ASSIGNMENT — Using the material below, print the line that contains "Australian Avocado Pesto", the line that contains "INMAN French commuter", and every line in between, exactly and nothing else.

SUPPLIED ENTRIES —
• • • • • • •
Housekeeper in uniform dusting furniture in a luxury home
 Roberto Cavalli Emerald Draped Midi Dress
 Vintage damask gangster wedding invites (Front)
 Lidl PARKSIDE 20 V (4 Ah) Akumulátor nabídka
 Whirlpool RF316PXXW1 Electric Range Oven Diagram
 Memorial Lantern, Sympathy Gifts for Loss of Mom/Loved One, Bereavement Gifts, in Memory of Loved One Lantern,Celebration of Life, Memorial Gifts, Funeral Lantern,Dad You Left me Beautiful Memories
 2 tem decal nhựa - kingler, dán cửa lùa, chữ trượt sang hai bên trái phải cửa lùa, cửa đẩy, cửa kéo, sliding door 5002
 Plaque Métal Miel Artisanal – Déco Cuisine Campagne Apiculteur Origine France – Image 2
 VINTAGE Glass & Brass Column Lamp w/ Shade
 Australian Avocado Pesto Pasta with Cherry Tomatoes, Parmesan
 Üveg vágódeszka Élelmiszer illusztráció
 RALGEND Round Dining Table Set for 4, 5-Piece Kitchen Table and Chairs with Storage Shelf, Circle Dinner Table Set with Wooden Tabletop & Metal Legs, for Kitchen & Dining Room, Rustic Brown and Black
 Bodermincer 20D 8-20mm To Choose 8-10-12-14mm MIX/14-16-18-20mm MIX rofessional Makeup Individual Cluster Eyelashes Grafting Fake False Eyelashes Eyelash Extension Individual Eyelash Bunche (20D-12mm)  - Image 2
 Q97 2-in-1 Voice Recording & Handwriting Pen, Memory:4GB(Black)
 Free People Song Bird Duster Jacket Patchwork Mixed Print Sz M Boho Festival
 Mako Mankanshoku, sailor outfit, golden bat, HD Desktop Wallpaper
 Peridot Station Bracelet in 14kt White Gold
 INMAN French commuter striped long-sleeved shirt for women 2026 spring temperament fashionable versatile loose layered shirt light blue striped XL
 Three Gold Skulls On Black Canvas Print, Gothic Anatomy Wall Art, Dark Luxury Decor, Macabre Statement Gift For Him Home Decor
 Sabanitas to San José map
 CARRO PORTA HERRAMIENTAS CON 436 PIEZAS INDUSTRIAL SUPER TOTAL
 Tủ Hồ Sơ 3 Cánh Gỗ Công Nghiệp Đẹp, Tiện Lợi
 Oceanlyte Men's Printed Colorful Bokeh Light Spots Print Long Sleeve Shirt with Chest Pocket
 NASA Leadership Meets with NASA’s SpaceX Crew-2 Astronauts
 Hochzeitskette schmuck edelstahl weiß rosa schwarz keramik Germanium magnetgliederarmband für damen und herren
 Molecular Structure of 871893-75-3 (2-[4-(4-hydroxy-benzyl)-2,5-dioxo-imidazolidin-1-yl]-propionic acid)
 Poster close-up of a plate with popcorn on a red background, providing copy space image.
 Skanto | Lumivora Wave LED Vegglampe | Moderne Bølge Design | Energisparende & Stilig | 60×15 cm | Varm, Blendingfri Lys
• • • • • • •
EXPECTED ANSWER —
 Australian Avocado Pesto Pasta with Cherry Tomatoes, Parmesan
 Üveg vágódeszka Élelmiszer illusztráció
 RALGEND Round Dining Table Set for 4, 5-Piece Kitchen Table and Chairs with Storage Shelf, Circle Dinner Table Set with Wooden Tabletop & Metal Legs, for Kitchen & Dining Room, Rustic Brown and Black
 Bodermincer 20D 8-20mm To Choose 8-10-12-14mm MIX/14-16-18-20mm MIX rofessional Makeup Individual Cluster Eyelashes Grafting Fake False Eyelashes Eyelash Extension Individual Eyelash Bunche (20D-12mm)  - Image 2
 Q97 2-in-1 Voice Recording & Handwriting Pen, Memory:4GB(Black)
 Free People Song Bird Duster Jacket Patchwork Mixed Print Sz M Boho Festival
 Mako Mankanshoku, sailor outfit, golden bat, HD Desktop Wallpaper
 Peridot Station Bracelet in 14kt White Gold
 INMAN French commuter striped long-sleeved shirt for women 2026 spring temperament fashionable versatile loose layered shirt light blue striped XL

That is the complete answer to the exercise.